I’m sure I’m not alone in urging my other half to “drive safely” every morning as he sets off for work. As the mornings get darker and the risk of ice, fog and other inclement weather conditions increases with the onset of winter, it becomes ever more important for all drivers to exercise caution. It’s no coincidence that National Road Safety Week takes place in November, after the clocks have changed and so many daily commutes take place in darkness.
Safe driving should be a consideration for employers as well, because for a large proportion of employees nowadays the most dangerous activity they will undertake all day is driving, be it to and from the workplace in their own cars, or in company vehicles in the course of their work duties. Employers can be held liable for road accidents in certain circumstances, so they must make efforts to limit the risks as far as possible.

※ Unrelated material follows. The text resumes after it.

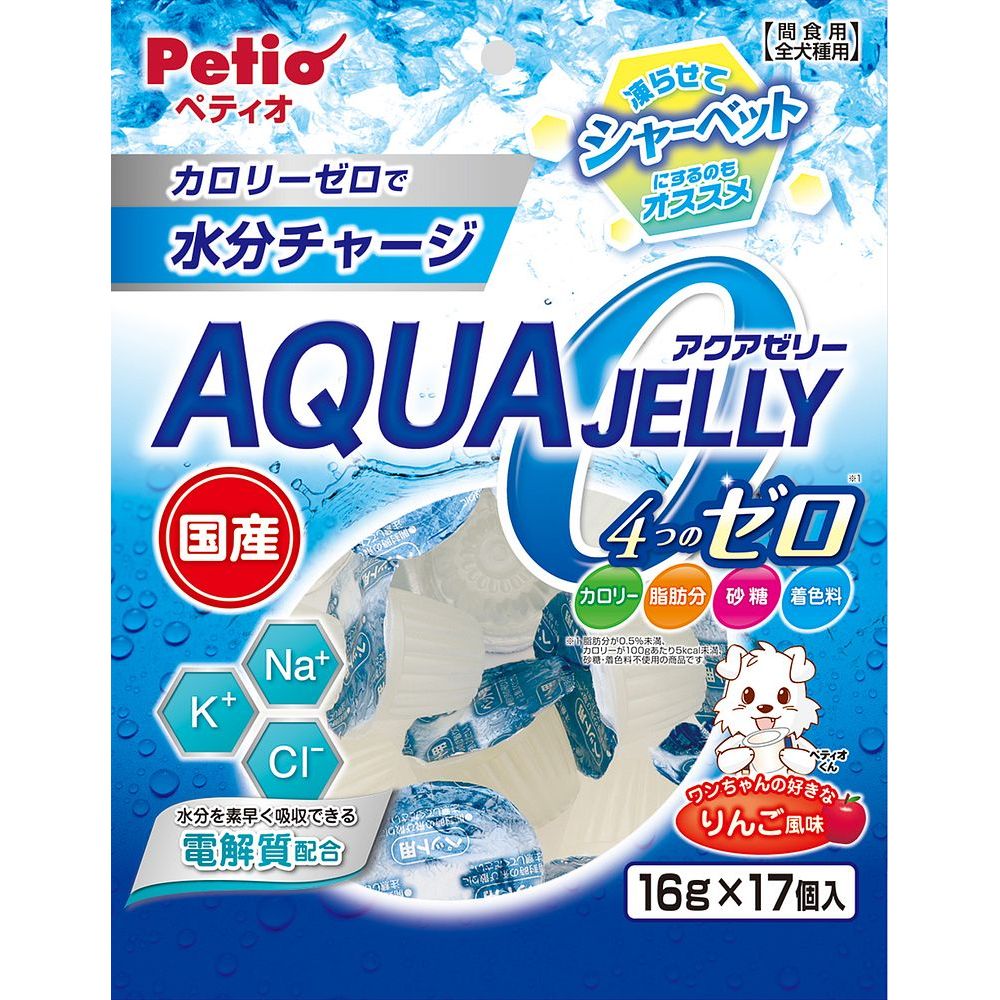 （まとめ買い）ペティオ アクアゼリー 4つのゼロ りんご風味 16g×17個入 犬用おやつ 〔×9〕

As we become ever more connected, our vehicles are no longer the places of sanctuary from the outside world that they once were. And yet, it is a well-established fact that distractions caused by attempts to multi-task behind the wheel are a major contributor to road traffic accidents. Although much of the time we appear to be “on auto pilot” while we are driving, and although we may believe we are perfectly capable of having a conversation, listening to a radio play or planning our forthcoming meeting while on the road, any activity that engages our minds more than superficially, can slow down our response to hazards and be detrimental to our safety. However experienced we may be, holding an in-depth work-related telephone conversation – even hands free – while driving, is a risky distraction, as proved by recent research conducted at Newcastle University. As for reading and responding to text messages while driving, that is clearly asking for trouble.
Therefore, if an employer has any expectation that its employees should be available to take phone calls while driving, it could be held responsible not just morally but also legally if an accident results. Policies on the use of mobile phones while driving, whether or not the car or the phone are company-provided, should make it very clear that they should be on voicemail while driving, with the driver picking up messages the next time they stop for a break.
We rely on all our senses while driving, but probably the most important one is our eyesight. If we can’t see properly to read road signs or spot hazards ahead of us, then we are far more at risk. Everybody knows that employers are required to provide free eyesight tests to regular users of computer equipment, but what about company car drivers? It makes sense, in order to protect the company’s human and mechanical assets, to offer eyesight tests every couple of years to employees whose duties include driving.
When visibility is impaired for weather-related reasons such as fog, heavy rain, frosted up or steamed up wind-screens, or twilight, drivers need to exercise greater caution. Stopping distances between vehicles should be increased and speed reduced. The use of dipped headlights or fog lights should be encouraged. And greater journey times should be accepted. The same applies to icy conditions. Putting undue pressure on company car drivers to meet unrealistic delivery schedules, or penalizing them for lack of punctuality, when adverse weather conditions occur, could again result in legal liability for companies in the event of an accident.
Raising awareness of the hazards of driving is part of a responsible employer’s repertoire, not just in relation to drivers of company vehicles. However, for anybody who drives as part of their work, the obvious place to put such guidance is in the Company Car Policy. Typically, such policies will cover not just the choice of vehicles, frequency of replacement, and provisions regarding servicing and maintenance, but will explain what to do in the event of an accident. It therefore makes sense to include a section on accident prevention!
Common sense much of it may be, but the statistics speak for themselves. More than half a million UK drivers have points on their licenses for driving while distracted (including using mobile phones), which proves that it is not always common practice. Reminders backed up by the threat of disciplinary action for contraventions of the rules regarding the use of mobile phones while driving, for example, may carry more weight than exhortations alone. And guidance on safe driving in adverse weather conditions including fog, snow and ice, may prove invaluable, particularly to inexperienced drivers encountering such conditions for the first time.
Protecting your employees makes good business sense, so put a “driver safety” section into your company car policy now, and help ensure everybody gets through the coming winter unharmed.